Como resulta comprensible, AMLO ha sido crudamente atacado por sus adversarios y no sólo por el candidato del PAN. Con habilidad, ha logrado introducir la idea de que su proyecto no está dirigido contra la economía de mercado, los empresarios, la libertad de expresión ni contra los principios del régimen democrático. Con ello, además de responder a los ataques mediáticos de que ha sido objeto, establece condiciones para que las zonas de incertidumbre sean reconfiguradas de manera no traumática. Es claro que todos sus movimientos están posibilitados por el respaldo político de una gran cantidad de población: en condiciones democráticas, un respaldo así, convertido en votos, es la condición mínima necesaria para plantearse con probabilidades de eficacia enfrentar la coalición dominante. En otras palabras, en un campo donde las reglas fueron establecidas en parte como condición para que el salinismo se presentara como un adalid de la modernidad, AMLO está jugando para ganar y desarticular dicha coalición.

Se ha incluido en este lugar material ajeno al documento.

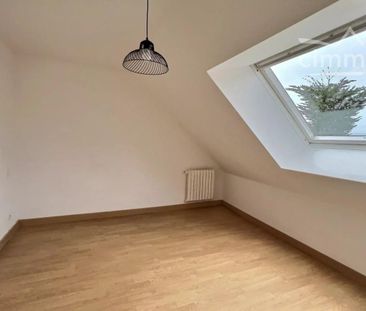 Maison - Pipriac | Cimm Immobilier - Photo 6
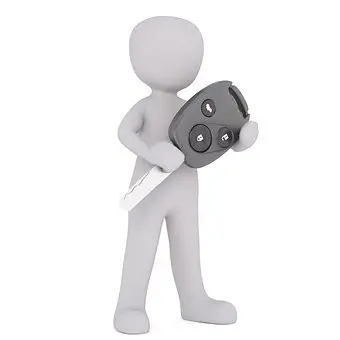 Automotive-Locksmith--in-Palm-Springs-California-Automotive-Locksmith-71740-image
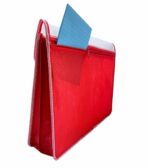 Button Folder - Image 3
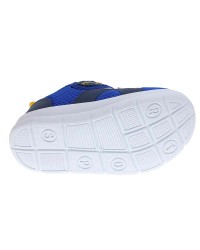 Pack of 12 Casual Sport Shoes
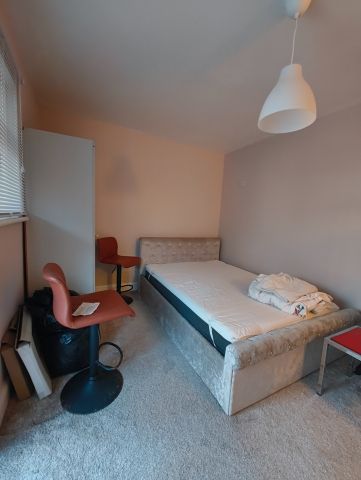 Room in a Shared House, Dacre Road, E13 - Photo 3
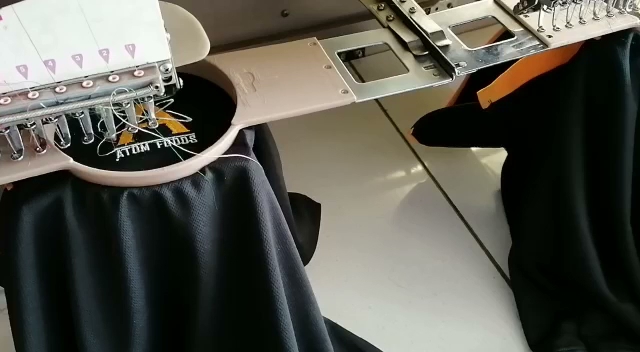 Opinii despre Atom Foods în Thembisa - Hospitality and gastronomy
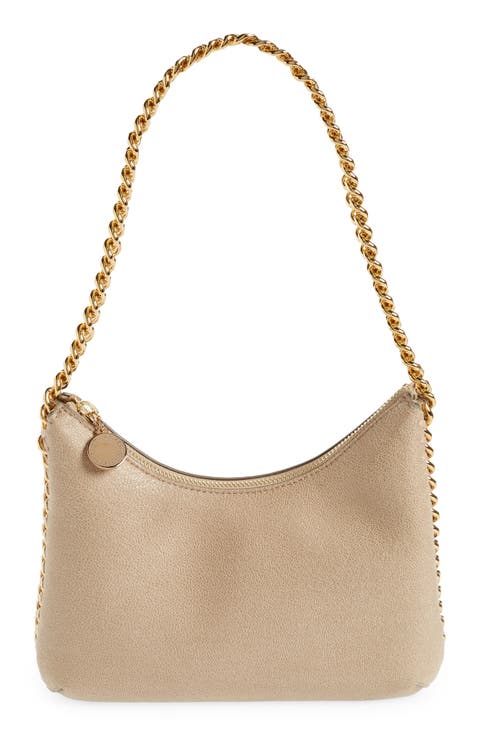 Stella McCartney 6D02433SQH054590 関税送料込 Women's Designer Handbags | Stella McCartney US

En forma brumosa, lo anterior está presente en los días que corren en México, pero las percepciones están muy desordenadas. ¿Polarización? De hecho la hay, si con ello entendemos el que en un polo hay un segmento muy numeroso de excluidos y en el otro polo hay un segmento, minoritario y poderoso, de privilegiados. Sobre esa estructura el candidato panista –asesorado, según se sabe, por dos especialistas en marketing político, uno español y el otro estadounidense– ha desplegado una campaña polarizante, que ha construido la imagen de un AMLO peligroso para la nación. Este juego, peligroso en sí mismo, ha conducido a crear la sensación de que «algo grave puede ocurrir el 2 de julio». Cuando estas líneas salgan a la luz se sabrá, o estará por saberse, si esa sombría predicción tenía algún fundamento o era una mera maniobra electorera, típica de las derechas aldeanas de nuestros países. Creo que se trata de esto segundo.

Pero el hecho de que no pase nada grave el 2 de julio de 2006 no significa que por ello dejemos de estar en una situación que requiere de una gran inteligencia y sensibilidad para sortear las agitadas aguas de los próximos meses y años. No hay ningún guión previamente elaborada. Es época de contingencia: no hay nada que vaya a ocurrir necesariamente, pero el campo de posibilidades es relativamente amplio. Y esto último es lo que introduce una extraña fascinación a los días presentes, pues hay razones abundantes para sospechar que se está escribiendo historia.